In today's "once-through" uranium-fueled reactors, we mine uranium, enrich it a
little in uranium-235, burn-up some of that U-235, and then throw it away,
supposedly in Yucca Mountain. (very much in the model of a ‘throw away society’)
When we start out with pure uranium oxide, (roughly 97% U-238 and 3% U-235) and
run it though current methods we end up with three broad categories of "stuff"
in the fuel.
First, there’s the unburned uranium-238 and uranium-235. This
uranium is no more dangerous after being in the reactor than it was before
(except that now it’s mixed with other products). It has billion-year
half-lives, which means it practically never decays (which is why it's still
around to dig up five billion years after it formed in a supernova). So the
uranium’s not a risk.
Then second group of leftovers are the fission products
(the actual waste of fission). These fission products are very radioactive, and
give off dangerous radiation. We have to keep these fission products away from
people and the environment. But because the fission products are so radioactive,
they decay quickly. Most decay to stable elements in a few hours, some take
days. And a very few take years or decades. But, if we leave the fission
products alone for a few hundred years, they will decay to normal background
levels of radiation (Safe enough we don’t need to worry about them as
much).
Finally, there are the transuranic isotopes. These are formed when
uranium absorbs a neutron and doesn’t fission, and include some nasty elements
like neptunium, plutonium, americium, curium. The transuranics are radioactive
for hundreds to tens of thousands of years, and as they decay they give off
different kinds of radiation. It's the transuranic waste that is the reason why
you have to build a place like Yucca Mountain that must remain geologically
isolated for tens of thousands of years.
In contrast Thorium byproducts are highly energetic with half-lives measured in human timescales:
Thorium is better because it has to absorb five neutrons before it will turn
into a transuranic isotope, whereas common uranium only has to absorb one- a
built in buffer. So by operating a reactor on pure thorium and uranium-233, you
can avoid producing the kind of long-lived waste that needs a place like Yucca
Mountain.
Thorium is a great possibility- it could be a high density source
of clean energy.
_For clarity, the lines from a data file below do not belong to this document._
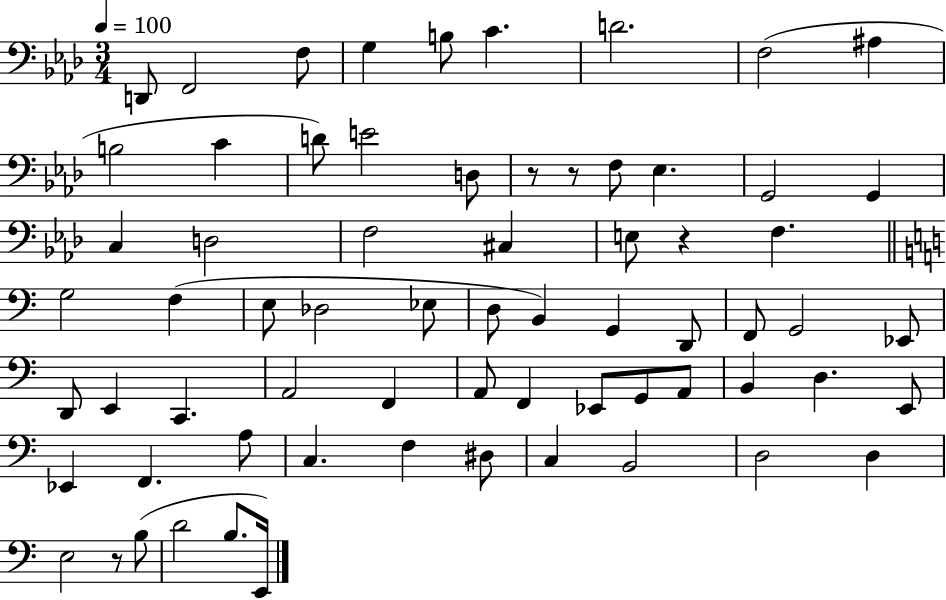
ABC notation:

X:1
T:Untitled
M:3/4
L:1/4
K:Ab
D,,/2 F,,2 F,/2 G, B,/2 C D2 F,2 ^A, B,2 C D/2 E2 D,/2 z/2 z/2 F,/2 _E, G,,2 G,, C, D,2 F,2 ^C, E,/2 z F, G,2 F, E,/2 _D,2 _E,/2 D,/2 B,, G,, D,,/2 F,,/2 G,,2 _E,,/2 D,,/2 E,, C,, A,,2 F,, A,,/2 F,, _E,,/2 G,,/2 A,,/2 B,, D, E,,/2 _E,, F,, A,/2 C, F, ^D,/2 C, B,,2 D,2 D, E,2 z/2 B,/2 D2 B,/2 E,,/4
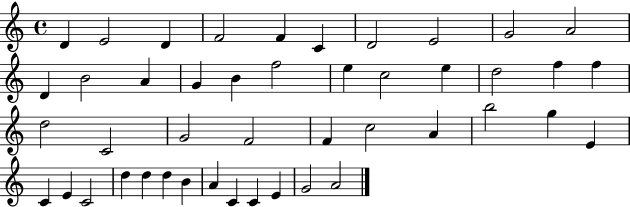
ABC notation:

X:1
T:Untitled
M:4/4
L:1/4
K:C
D E2 D F2 F C D2 E2 G2 A2 D B2 A G B f2 e c2 e d2 f f d2 C2 G2 F2 F c2 A b2 g E C E C2 d d d B A C C E G2 A2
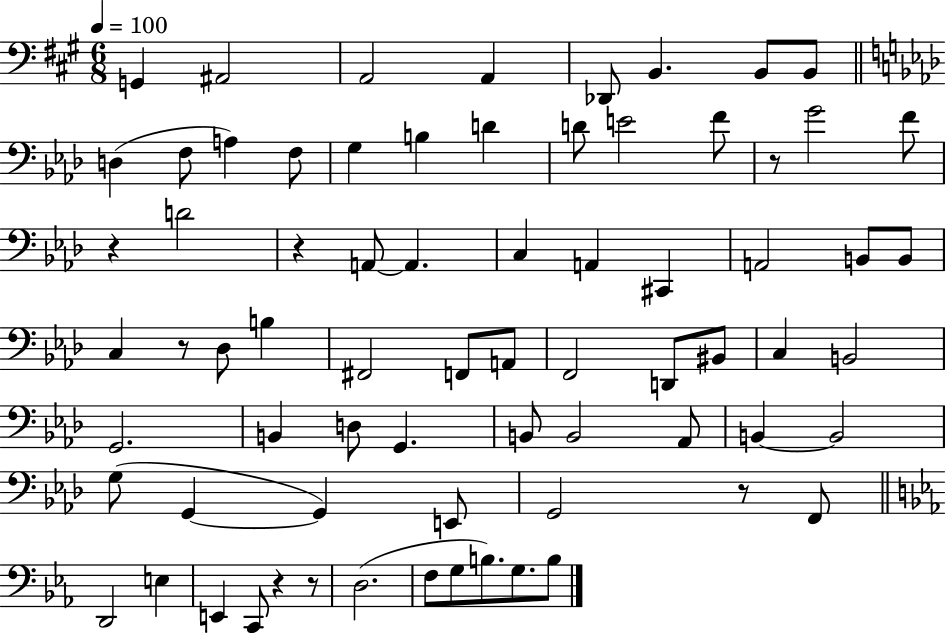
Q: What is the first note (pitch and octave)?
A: G2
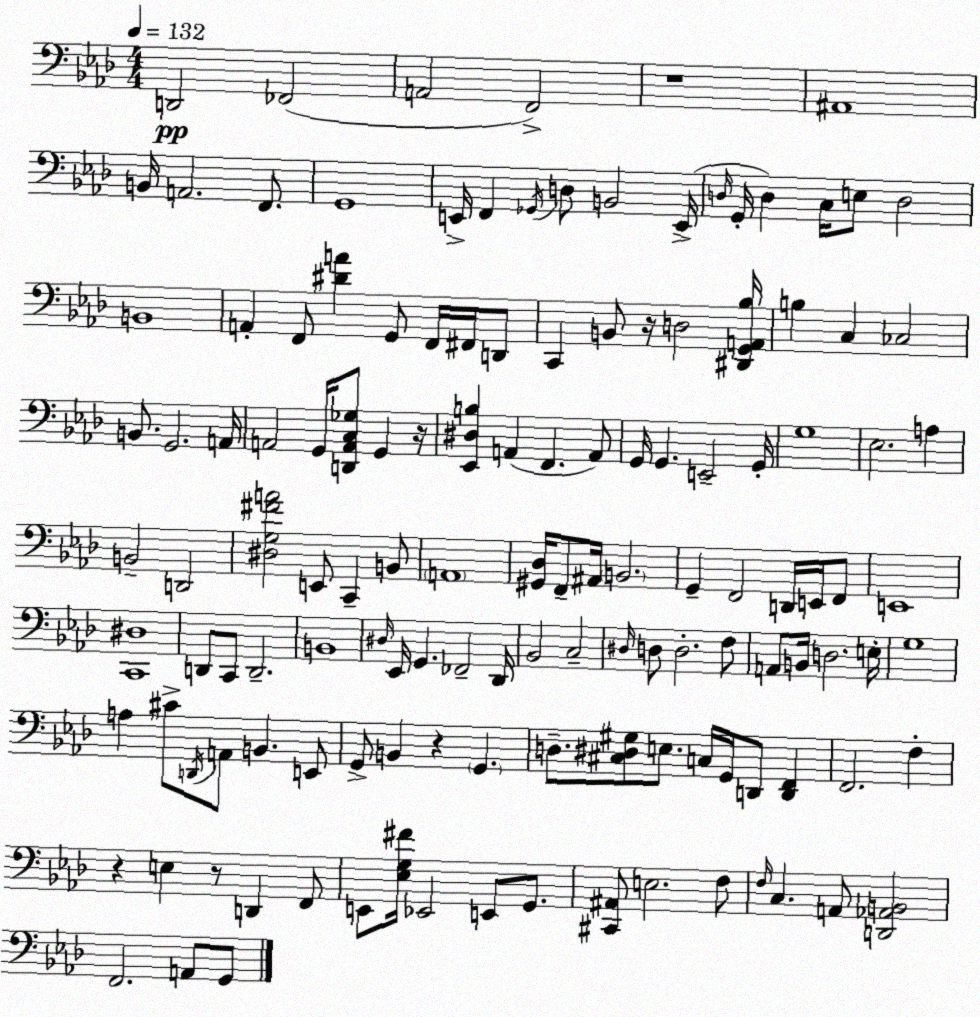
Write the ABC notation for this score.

The fluoride salt thorium reactor can produce nuclear wastes
that consist only of fission products, which quickly decay to stable elements -
in fact some elements like xenon or rhodium represent valuable commercial
products after a few months 'cooling down'.
The best part is that Thorium is three times more common than than Uranium. Easily exploitable reserves could last for tens of thousands of years.
Maybe instead of attempting to transform anthropogenic climate change from an engineering problem into a moral/religious issue the Pelosi posse could annouce reasearch into this.

2 comments:

Ben said...

Good find! I don't recall if the article covered it, but could Thorium be used to build a weapon? If not, and a given country opts for Uranium, that would seem pretty clear that they have a nefarious dual use in mind. Either way, it would be a good litmus test to determine a governments intent.

Anonymous said...

I don't think Thorium is a suitable fission weapon material. Like anything radioactive I think it's byproducts could be used in a "dirty bomb" that could kill/injure people in a very localized area but the effects would probably be more like the Polonium that killed that British KGB guy (quick, painful death) rather than the long term contamination of a Chernobyl(babies with 3 arms).

You bring up a good point though. If, for example, GE or Westinghouse had working Th technology, the US could have given it to Iran and DPRK and not worried about proliferation.